Activity: Would you please retype, exactly, the lines of the listing below between the line with "VIII.7.1 Pompeii. September" and the line with "a large swimming", inclusive?

Given information:
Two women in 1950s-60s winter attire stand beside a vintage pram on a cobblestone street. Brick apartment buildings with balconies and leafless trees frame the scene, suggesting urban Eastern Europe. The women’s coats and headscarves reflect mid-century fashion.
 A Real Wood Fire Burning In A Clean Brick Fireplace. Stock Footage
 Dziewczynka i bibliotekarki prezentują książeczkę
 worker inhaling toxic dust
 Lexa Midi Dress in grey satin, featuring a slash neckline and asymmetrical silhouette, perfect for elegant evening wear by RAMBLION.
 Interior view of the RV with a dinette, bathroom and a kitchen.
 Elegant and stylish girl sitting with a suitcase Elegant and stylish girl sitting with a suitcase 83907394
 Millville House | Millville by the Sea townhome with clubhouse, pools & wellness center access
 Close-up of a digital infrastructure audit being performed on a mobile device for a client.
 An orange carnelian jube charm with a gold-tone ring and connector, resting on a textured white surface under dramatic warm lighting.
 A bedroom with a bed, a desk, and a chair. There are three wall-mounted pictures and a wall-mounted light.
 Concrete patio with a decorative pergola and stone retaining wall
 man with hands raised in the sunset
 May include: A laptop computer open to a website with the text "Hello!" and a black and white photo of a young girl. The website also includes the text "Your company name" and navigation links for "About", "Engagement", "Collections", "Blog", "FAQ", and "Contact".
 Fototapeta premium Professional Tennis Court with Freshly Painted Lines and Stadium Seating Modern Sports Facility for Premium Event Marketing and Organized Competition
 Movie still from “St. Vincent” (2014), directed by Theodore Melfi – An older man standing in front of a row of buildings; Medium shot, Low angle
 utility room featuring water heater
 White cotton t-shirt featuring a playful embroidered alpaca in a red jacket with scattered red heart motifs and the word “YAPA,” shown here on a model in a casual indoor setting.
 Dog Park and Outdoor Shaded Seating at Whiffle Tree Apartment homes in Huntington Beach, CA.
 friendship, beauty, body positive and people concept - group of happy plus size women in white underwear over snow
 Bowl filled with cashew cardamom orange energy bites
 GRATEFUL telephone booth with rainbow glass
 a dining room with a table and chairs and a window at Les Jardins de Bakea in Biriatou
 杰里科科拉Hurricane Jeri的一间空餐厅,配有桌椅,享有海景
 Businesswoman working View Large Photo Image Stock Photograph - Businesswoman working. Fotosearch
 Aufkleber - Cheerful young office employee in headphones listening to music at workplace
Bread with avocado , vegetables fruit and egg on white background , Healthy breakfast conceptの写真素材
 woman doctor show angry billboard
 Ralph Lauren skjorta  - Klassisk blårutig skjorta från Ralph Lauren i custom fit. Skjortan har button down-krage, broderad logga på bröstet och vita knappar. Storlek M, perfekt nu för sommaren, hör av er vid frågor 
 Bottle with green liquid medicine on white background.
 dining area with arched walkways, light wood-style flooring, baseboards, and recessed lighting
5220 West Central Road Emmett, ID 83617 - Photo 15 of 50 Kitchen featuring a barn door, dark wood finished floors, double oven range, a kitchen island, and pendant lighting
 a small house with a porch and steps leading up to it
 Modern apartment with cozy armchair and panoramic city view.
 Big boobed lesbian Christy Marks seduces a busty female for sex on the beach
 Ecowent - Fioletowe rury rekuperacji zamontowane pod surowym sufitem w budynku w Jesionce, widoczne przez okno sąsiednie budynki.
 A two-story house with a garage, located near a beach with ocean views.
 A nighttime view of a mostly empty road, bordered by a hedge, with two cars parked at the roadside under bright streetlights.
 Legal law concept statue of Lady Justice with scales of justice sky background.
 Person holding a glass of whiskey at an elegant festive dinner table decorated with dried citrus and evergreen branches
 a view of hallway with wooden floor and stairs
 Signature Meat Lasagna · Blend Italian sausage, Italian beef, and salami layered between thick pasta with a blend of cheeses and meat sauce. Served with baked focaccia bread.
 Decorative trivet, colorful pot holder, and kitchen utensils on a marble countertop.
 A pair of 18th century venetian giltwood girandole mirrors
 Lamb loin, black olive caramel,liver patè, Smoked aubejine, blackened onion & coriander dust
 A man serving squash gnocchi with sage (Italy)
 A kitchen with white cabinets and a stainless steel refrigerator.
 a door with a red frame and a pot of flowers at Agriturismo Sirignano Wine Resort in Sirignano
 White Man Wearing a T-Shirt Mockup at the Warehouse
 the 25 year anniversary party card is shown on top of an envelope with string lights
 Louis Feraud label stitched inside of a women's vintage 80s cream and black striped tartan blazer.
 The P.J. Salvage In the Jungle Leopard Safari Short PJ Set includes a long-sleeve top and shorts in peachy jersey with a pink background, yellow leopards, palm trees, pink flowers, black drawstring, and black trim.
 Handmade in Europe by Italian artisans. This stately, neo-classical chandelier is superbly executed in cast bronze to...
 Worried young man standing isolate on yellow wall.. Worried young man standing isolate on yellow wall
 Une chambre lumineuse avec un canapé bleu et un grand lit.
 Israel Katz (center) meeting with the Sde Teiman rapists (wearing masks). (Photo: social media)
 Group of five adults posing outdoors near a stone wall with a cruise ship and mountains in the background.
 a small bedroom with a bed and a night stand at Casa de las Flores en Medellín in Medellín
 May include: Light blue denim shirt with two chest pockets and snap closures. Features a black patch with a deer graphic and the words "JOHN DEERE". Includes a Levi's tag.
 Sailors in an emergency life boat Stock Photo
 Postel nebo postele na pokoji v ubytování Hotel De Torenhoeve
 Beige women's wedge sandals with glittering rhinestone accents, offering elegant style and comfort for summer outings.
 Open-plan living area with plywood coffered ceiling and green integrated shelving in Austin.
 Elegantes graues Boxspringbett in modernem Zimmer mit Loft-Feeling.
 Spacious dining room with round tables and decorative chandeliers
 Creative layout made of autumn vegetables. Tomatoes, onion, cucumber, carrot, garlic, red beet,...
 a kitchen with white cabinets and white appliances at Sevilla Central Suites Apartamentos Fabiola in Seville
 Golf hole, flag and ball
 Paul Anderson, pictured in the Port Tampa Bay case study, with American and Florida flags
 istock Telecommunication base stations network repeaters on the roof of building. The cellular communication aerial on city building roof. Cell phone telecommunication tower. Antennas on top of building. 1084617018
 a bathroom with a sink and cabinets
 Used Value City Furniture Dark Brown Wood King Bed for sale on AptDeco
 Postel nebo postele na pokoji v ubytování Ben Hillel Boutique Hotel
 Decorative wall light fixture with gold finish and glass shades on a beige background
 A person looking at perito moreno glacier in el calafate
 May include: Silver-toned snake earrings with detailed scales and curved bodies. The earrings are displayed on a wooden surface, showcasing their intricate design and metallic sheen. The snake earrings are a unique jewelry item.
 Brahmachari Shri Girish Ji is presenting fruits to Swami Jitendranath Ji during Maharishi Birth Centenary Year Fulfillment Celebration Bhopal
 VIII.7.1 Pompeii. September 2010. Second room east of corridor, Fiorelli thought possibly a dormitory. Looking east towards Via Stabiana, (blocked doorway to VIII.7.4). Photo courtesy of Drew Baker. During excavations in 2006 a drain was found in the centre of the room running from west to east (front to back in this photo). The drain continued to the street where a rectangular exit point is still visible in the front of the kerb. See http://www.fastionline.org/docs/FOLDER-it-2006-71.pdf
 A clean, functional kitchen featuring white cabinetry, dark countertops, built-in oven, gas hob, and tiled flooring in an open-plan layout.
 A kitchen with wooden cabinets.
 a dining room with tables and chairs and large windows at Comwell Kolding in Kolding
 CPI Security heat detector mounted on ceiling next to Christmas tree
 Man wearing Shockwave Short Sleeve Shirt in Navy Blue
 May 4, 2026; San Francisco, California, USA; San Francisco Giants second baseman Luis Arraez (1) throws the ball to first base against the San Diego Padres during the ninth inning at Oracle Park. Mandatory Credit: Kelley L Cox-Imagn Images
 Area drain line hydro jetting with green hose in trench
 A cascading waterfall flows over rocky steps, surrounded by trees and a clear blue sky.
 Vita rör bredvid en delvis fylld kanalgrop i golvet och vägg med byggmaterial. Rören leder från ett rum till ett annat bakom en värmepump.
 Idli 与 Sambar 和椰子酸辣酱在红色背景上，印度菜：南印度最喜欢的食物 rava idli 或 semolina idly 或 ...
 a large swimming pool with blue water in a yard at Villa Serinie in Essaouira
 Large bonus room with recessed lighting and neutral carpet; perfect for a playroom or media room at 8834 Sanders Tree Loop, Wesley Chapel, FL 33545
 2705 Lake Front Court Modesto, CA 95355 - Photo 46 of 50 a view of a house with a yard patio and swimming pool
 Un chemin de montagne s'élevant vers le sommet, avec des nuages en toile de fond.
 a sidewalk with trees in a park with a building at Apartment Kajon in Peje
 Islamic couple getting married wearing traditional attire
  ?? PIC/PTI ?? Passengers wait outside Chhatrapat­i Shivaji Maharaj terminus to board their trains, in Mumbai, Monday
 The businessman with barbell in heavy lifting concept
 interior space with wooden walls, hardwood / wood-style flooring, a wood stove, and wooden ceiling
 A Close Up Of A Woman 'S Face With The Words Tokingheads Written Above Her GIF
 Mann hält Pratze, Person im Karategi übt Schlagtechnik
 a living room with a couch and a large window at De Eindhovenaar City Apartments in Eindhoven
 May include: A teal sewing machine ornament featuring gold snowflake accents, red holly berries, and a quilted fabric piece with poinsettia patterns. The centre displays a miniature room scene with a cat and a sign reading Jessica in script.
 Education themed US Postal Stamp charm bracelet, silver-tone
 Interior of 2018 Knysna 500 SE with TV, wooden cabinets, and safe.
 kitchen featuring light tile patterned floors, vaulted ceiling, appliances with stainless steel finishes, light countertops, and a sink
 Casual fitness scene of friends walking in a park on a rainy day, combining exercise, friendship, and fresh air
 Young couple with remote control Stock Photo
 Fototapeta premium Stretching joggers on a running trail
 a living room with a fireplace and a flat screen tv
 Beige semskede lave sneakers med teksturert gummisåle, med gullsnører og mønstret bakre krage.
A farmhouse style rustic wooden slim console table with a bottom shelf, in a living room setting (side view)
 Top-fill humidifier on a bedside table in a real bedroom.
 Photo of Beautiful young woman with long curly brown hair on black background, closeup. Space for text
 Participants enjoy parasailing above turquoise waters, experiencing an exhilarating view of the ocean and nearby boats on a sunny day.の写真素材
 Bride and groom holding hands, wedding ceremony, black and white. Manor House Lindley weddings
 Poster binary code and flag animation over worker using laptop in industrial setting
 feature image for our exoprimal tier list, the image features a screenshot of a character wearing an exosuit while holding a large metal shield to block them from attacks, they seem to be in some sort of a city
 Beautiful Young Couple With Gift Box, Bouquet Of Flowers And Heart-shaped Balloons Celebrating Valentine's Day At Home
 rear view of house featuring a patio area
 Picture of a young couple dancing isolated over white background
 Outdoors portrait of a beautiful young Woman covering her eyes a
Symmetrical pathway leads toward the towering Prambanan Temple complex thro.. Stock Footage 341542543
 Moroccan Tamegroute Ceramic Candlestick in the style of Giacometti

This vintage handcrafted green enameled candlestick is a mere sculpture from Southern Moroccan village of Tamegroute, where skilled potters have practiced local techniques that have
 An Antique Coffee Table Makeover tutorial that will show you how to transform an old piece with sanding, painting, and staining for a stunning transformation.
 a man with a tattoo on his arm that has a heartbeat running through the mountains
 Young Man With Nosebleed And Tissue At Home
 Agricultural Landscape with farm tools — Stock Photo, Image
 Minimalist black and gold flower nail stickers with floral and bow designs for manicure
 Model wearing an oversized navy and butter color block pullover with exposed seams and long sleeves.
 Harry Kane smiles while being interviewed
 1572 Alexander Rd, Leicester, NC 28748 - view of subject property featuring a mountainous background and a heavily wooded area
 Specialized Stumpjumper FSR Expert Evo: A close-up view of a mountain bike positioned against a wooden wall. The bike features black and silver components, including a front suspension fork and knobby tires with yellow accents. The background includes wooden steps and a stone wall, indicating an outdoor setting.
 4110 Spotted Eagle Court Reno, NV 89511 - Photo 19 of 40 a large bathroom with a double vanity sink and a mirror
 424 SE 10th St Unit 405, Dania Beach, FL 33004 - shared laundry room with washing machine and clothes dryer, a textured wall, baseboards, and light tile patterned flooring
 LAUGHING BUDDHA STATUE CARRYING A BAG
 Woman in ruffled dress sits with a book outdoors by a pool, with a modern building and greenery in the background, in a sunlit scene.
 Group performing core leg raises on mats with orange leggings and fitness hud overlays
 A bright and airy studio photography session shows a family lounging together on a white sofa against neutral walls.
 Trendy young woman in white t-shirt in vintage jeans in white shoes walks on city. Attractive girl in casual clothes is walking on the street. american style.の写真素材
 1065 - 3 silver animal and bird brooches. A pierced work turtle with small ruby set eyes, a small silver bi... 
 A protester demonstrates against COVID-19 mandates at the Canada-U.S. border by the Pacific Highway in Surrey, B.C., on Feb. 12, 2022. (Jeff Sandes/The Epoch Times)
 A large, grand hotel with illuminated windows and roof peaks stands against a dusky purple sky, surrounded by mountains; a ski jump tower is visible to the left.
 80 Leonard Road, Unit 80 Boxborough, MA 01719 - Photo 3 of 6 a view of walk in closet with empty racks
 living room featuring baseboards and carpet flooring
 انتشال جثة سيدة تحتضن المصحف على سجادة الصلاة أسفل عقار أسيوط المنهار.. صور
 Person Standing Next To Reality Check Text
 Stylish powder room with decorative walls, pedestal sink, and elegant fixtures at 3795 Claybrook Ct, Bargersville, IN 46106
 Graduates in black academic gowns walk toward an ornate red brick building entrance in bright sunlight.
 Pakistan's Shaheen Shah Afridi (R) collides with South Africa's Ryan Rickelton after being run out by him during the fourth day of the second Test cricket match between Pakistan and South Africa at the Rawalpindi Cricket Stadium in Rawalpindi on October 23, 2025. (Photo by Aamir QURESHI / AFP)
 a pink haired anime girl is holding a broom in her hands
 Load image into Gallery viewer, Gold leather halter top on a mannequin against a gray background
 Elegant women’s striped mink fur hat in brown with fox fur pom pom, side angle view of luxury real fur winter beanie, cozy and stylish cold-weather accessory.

Worked solution:
 VIII.7.1 Pompeii. September 2010. Second room east of corridor, Fiorelli thought possibly a dormitory. Looking east towards Via Stabiana, (blocked doorway to VIII.7.4). Photo courtesy of Drew Baker. During excavations in 2006 a drain was found in the centre of the room running from west to east (front to back in this photo). The drain continued to the street where a rectangular exit point is still visible in the front of the kerb. See http://www.fastionline.org/docs/FOLDER-it-2006-71.pdf
 A clean, functional kitchen featuring white cabinetry, dark countertops, built-in oven, gas hob, and tiled flooring in an open-plan layout.
 A kitchen with wooden cabinets.
 a dining room with tables and chairs and large windows at Comwell Kolding in Kolding
 CPI Security heat detector mounted on ceiling next to Christmas tree
 Man wearing Shockwave Short Sleeve Shirt in Navy Blue
 May 4, 2026; San Francisco, California, USA; San Francisco Giants second baseman Luis Arraez (1) throws the ball to first base against the San Diego Padres during the ninth inning at Oracle Park. Mandatory Credit: Kelley L Cox-Imagn Images
 Area drain line hydro jetting with green hose in trench
 A cascading waterfall flows over rocky steps, surrounded by trees and a clear blue sky.
 Vita rör bredvid en delvis fylld kanalgrop i golvet och vägg med byggmaterial. Rören leder från ett rum till ett annat bakom en värmepump.
 Idli 与 Sambar 和椰子酸辣酱在红色背景上，印度菜：南印度最喜欢的食物 rava idli 或 semolina idly 或 ...
 a large swimming pool with blue water in a yard at Villa Serinie in Essaouira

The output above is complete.